Birch (which is probably intelligible with Plume) had lost its inherited freestanding /š č/, and although new palatals had been created from consonant + /j/, these were fairly rare, so there is no great pressure on Tata's Dreamer dialects to develop palatalization either.

It is also possible that the mainline Baywatch dialects influence this one.

  1. The alveolar stop t shifted to k before any /o u/.
  2. The vowel o shifted to a.
  3. In word-initial position, the sequences pp mp tt nt shifted to p b t d.
  4. The sequences s ss shifted to h s. It is likely that /hu/ was pronounced much like [ɸu], and perhaps other allophones existed before the other vowels; because these allophones arose after the shift of /t/ > [k], though, there was no contrast before historical /a/ vs /o/.
  5. The sequences mp nt ns shifted to mb nd z.
  6. The mid front vowels e ē shifted to ya yā. It is possible that the shift was just to /a/, but note that Middlesex was spoken nearby and did a conditional shift without its /e/ previously being iotated.
  7. The sequences ia ua (from pre-Baywatch deletion of /w/) came to be pronounced ya wa. There may also have been a iu, which could shift to yu. Also, it may be that these new sounds were pronounced much like IPA [je wo], as they had come almost entirely from similar sequences.

At this point, the Play army invades Tata and drives out the competing adstrates, meaning that influences from Crystal and Oyster cease to be significant.

  1. The long vowel ō shifted to ū. This was with Play influence.

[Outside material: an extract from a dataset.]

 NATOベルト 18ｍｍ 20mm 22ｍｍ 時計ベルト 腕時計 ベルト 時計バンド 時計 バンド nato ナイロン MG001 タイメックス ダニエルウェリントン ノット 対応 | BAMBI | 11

It is possible that it broke to /au/ instead, as Play was shifting /əu/ rather than /au/.
  2. Labialization was defeated. This left a new true /o/ vowel.
  3. All vowels became palatalized before /i/. This may have created a new phonemic /e/. However, Play's dialect continuum terminated in a three-vowel language, so it is possible that even these new vowels soon disappear.